> **Extracted information**

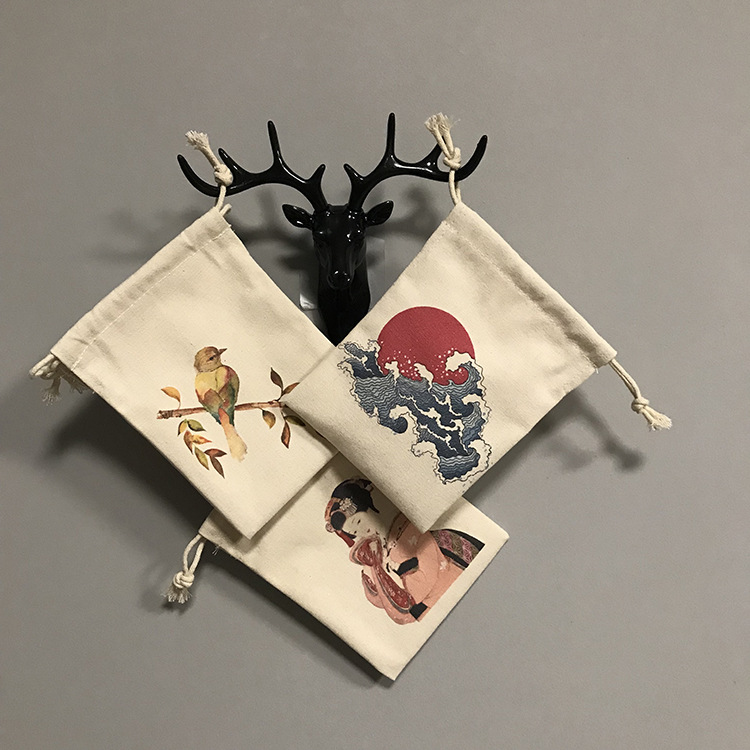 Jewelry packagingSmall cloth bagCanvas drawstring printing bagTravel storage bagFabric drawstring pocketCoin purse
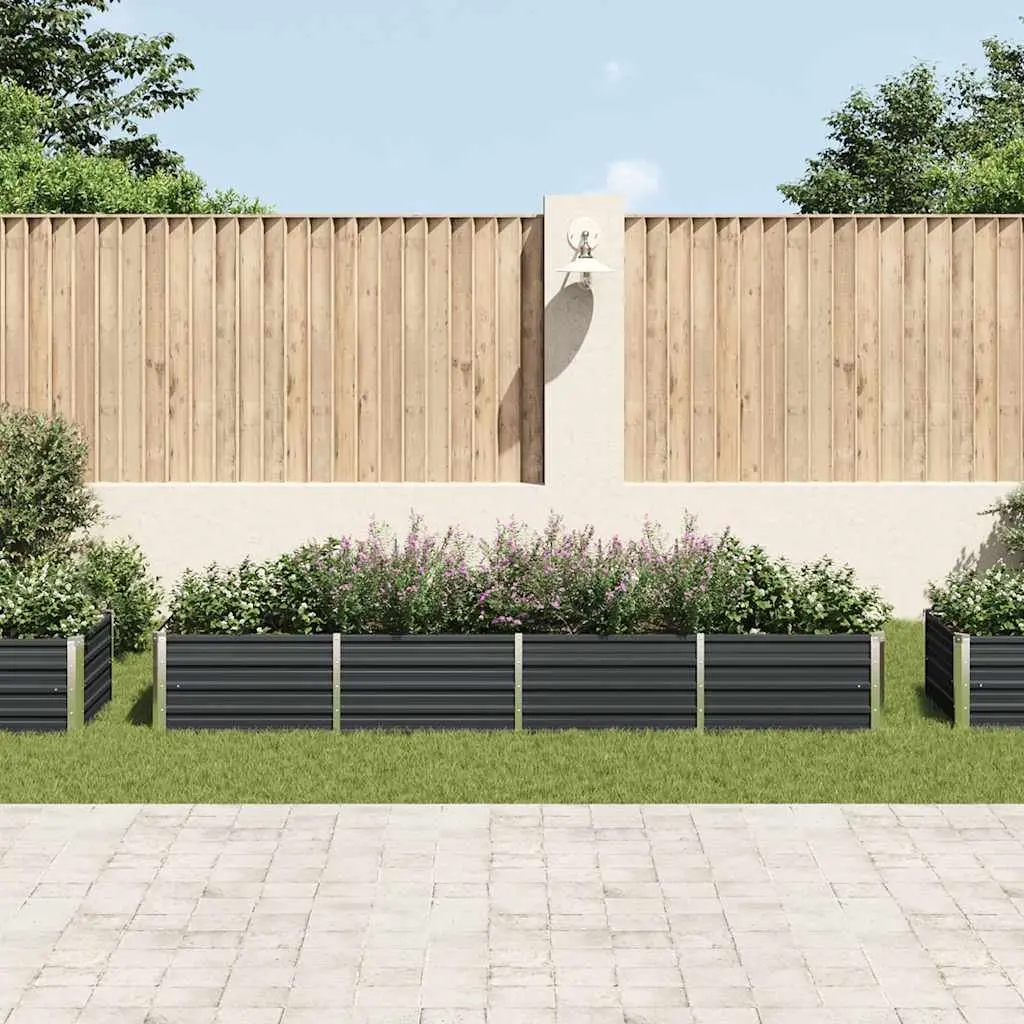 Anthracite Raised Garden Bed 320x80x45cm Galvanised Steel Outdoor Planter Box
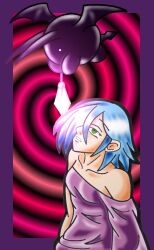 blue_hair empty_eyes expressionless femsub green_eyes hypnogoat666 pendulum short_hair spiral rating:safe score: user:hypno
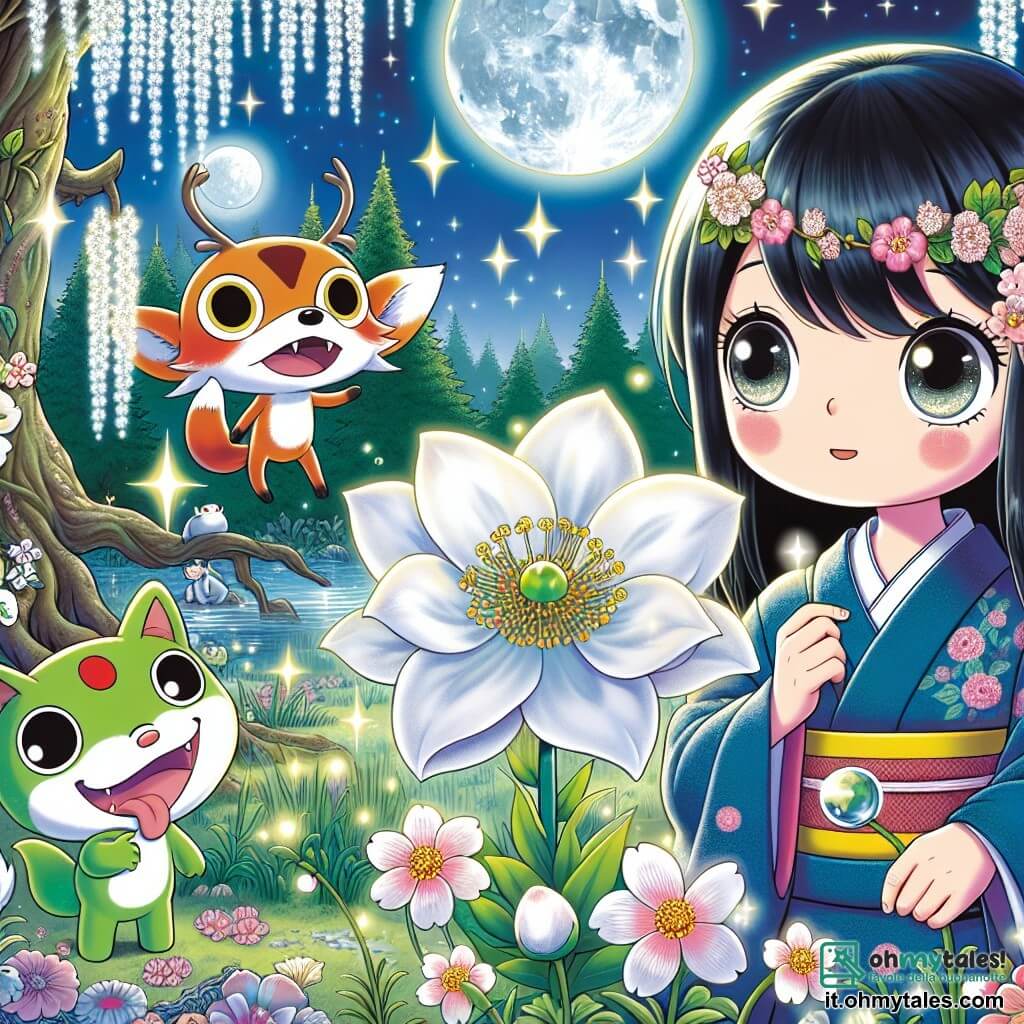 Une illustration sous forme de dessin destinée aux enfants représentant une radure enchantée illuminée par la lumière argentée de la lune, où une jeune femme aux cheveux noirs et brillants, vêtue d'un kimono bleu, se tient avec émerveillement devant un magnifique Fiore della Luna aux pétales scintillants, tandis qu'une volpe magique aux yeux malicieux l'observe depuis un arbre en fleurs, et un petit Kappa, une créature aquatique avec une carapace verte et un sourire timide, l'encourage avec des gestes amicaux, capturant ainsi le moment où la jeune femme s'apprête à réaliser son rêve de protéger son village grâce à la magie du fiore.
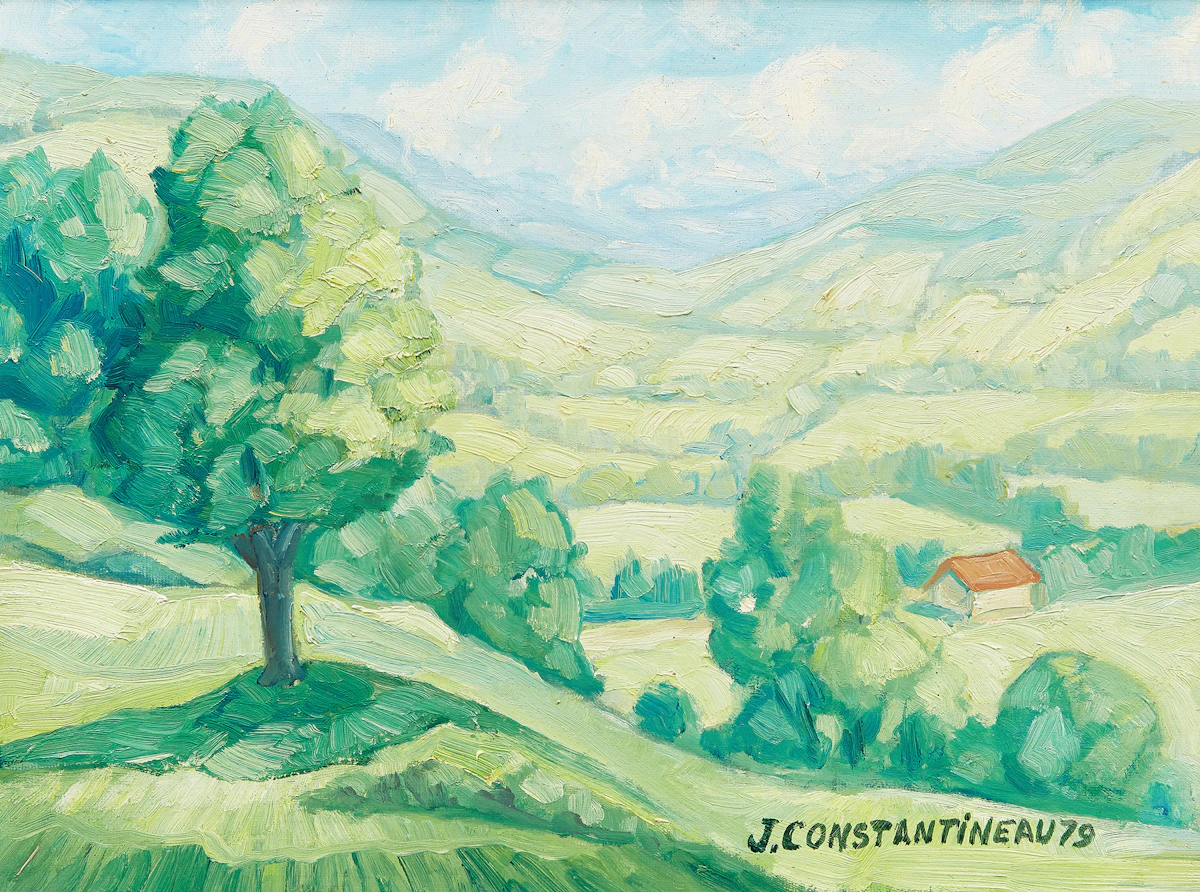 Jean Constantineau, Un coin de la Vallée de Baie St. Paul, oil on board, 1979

> **Brief**
Write out all the entries word for word, but skip any images.

> **Result below**
 Jewelry packagingSmall cloth bagCanvas drawstring printing bagTravel storage bagFabric drawstring pocketCoin purse
 Anthracite Raised Garden Bed 320x80x45cm Galvanised Steel Outdoor Planter Box
 blue_hair empty_eyes expressionless femsub green_eyes hypnogoat666 pendulum short_hair spiral rating:safe score: user:hypno
 Une illustration sous forme de dessin destinée aux enfants représentant une radure enchantée illuminée par la lumière argentée de la lune, où une jeune femme aux cheveux noirs et brillants, vêtue d'un kimono bleu, se tient avec émerveillement devant un magnifique Fiore della Luna aux pétales scintillants, tandis qu'une volpe magique aux yeux malicieux l'observe depuis un arbre en fleurs, et un petit Kappa, une créature aquatique avec une carapace verte et un sourire timide, l'encourage avec des gestes amicaux, capturant ainsi le moment où la jeune femme s'apprête à réaliser son rêve de protéger son village grâce à la magie du fiore.
 Jean Constantineau, Un coin de la Vallée de Baie St. Paul, oil on board, 1979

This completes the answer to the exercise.